File /etc/slurm/slurm.conf is hashed by the controller and must be exactly the same on all systems or the controller service (slurmctld) will not start.

mkdir -p /etc/slurm/

cp cgroup.conf   /etc/slurm/
cp slurm.conf    /etc/slurm/
cp slurmdbd.conf /etc/slurm/

chmod 755 /etc/slurm/
chmod 600 /etc/slurm/cgroup.conf
chmod 600 /etc/slurm/slurm.conf
chmod 600 /etc/slurm/slurmdbd.conf

chown -R slurm:slurm /etc/slurm/
  1. Create log files:

mkdir -p /var/log/slurm/

touch /var/log/slurm/slurm.jobcomp.log
touch /var/log/slurm/slurmctld.log
touch /var/log/slurm/slurmdbd.log

chmod 755 /var/log/slurm/
chmod 644 /var/log/slurm/*.log

chown -R slurm:slurm /var/log/slurm
  1. Create spool files:

mkdir -p /var/spool/slurmctld/
mkdir -p /var/spool/slurmdbd/

chmod 700 /var/spool/slurmctld
chmod 700 /var/spool/slurmdbd

chown -R slurm:slurm /var/spool/slurmctld
chown -R slurm:slurm /var/spool/slurmdbd
  1. Setup log rotation:

cat >> /etc/logrotate.d/slurm <<EOL
/var/log/slurm/slurm.jobcomp.log
/var/log/slurm/slurmctld.log
/var/log/slurm/slurmdbd.log
{
    missingok
    notifempty
    rotate 4
    weekly
    create
}

EOL

chmod 644 /etc/logrotate.d/slurm

MariaDB#

  1. Enable MariaDB service:

systemctl enable --now mariadb
  1. Secure databases:

Important

Replace MARIADB_ROOT_PASSWD with a confidential secure password that will be used for the MariaDB root account.

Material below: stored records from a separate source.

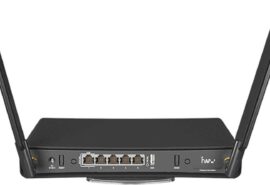 MIKROTIK ROUTERBOARD HAP AX3 (C53UiG+5HPaxD2HPaxD)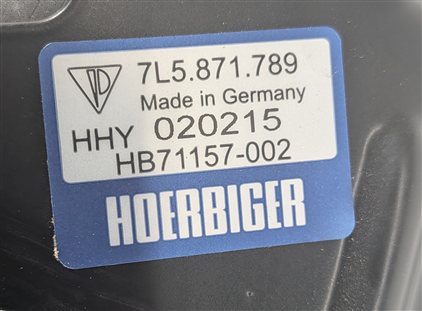 Thumbnail 11: 2008-2010 PORSCHE CAYENNE (957) REAR TRUNK TAILGATE HATCH LIFT MOTOR ASSEMBLY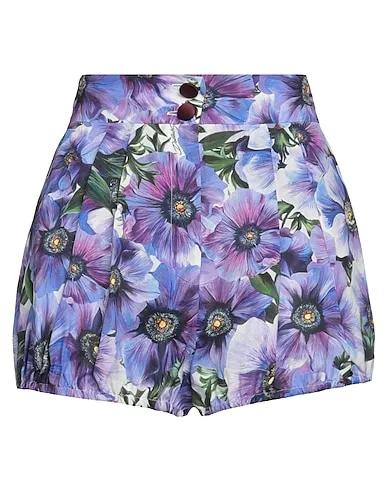 Light purple Satin Shorts & Bermuda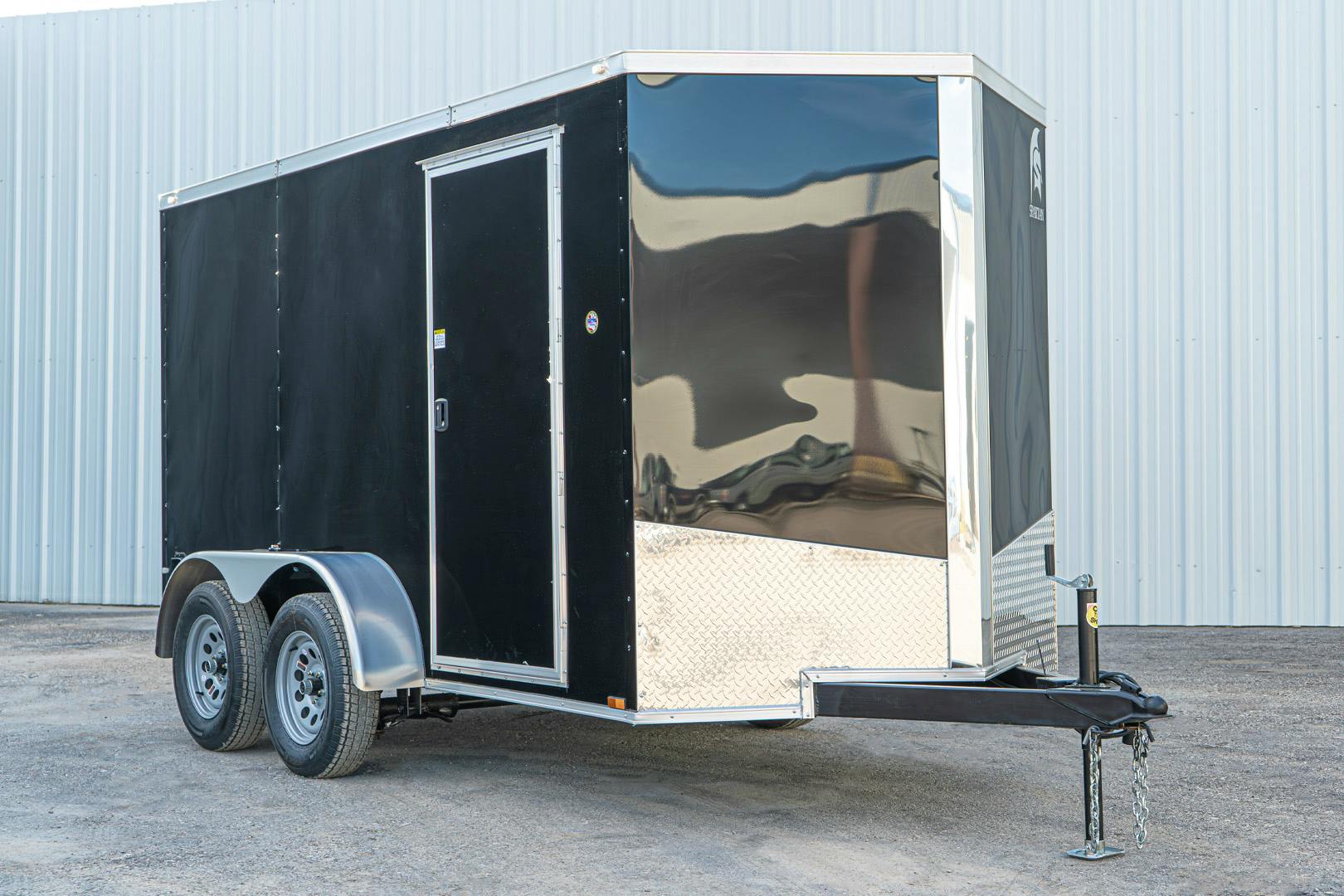 Spartan 6'x12' Enclosed Cargo Trailer w/ Rear Ramp Door (C2) - Image 2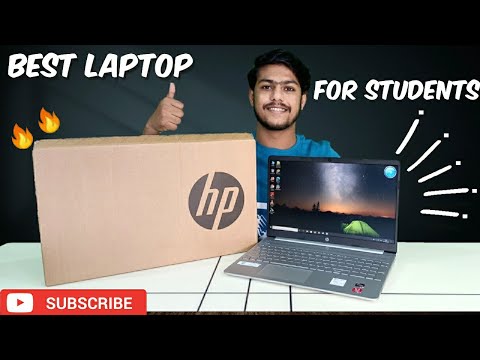 HP 15S EQ0024AU Laptop Unboxing And Review| Best Laptop For Student And Office Work|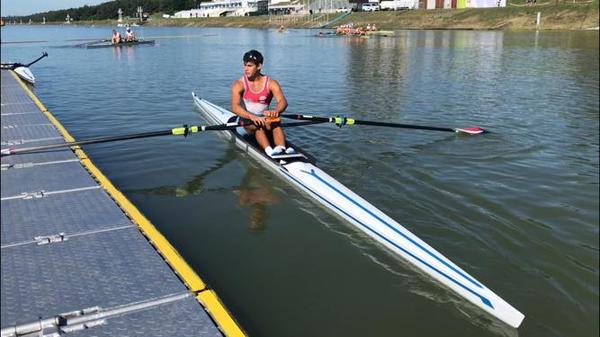 Mundial de Remo Sub 23: Insfrán en repechaje buscará pasar a cuartos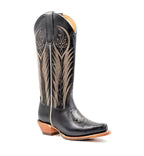 Bota Feminina Mustang Preto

# Enter current password for root (enter for none): <enter>
# Set root password? [Y/n] Y
# New password: MARIADB_ROOT_PASSWD
# Re-enter new password: MARIADB_ROOT_PASSWD
# Remove anonymous users? [Y/n] Y
# Disallow root login remotely? [Y/n] Y
# Remove test database and access to it? [Y/n] Y
# Reload privilege tables now? [Y/n] Y

mysql_secure_installation
  1. Modify the innodb configuration:

mkdir -p /etc/my.cnf.d/
cat >> /etc/my.cnf.d/innodb.cnf <<EOL
[mysqld]
innodb_buffer_pool_size=1024M
innodb_log_file_size=64M
innodb_lock_wait_timeout=900

EOL
  1. Delete MariaDB logs and restart service:

systemctl stop mariadb
rm -f /var/lib/mysql/ib_logfile?
systemctl start mariadb
  1. Create accounting database for Slurm:

Important

Replace MARIADB_ROOT_PASSWD with the password provided in step 22.
Replace MARIADB_SLURM_USER_PASSWD with the password provided in step 7.

mysql -u root -pMARIADB_ROOT_PASSWD --execute "grant all on slurm_acct_db.* TO 'slurm'@'localhost' identified by 'MARIADB_SLURM_USER_PASSWD' with grant option;"
mysql -u root -pMARIADB_ROOT_PASSWD --execute "create database slurm_acct_db;"

Firewall#

  1. Configure firewalld rules:

Important

Replace the IPv4 Address and Subnet mask with the value of your network.

systemctl enable --now firewalld
firewall-cmd --remove-port=3306/tcp --permanent 2> /dev/null
firewall-cmd --remove-port=3306/udp --permanent 2> /dev/null

firewall-cmd --zone=public --add-source=192.168.1.0/24 --permanent
firewall-cmd --zone=public --add-port={6817/tcp,6818/tcp,6819/tcp} --permanent
firewall-cmd --reload

Slurm Controller Services#

  1. Enable Slurm Controller services:

systemctl enable --now slurmdbd
systemctl enable --now slurmctld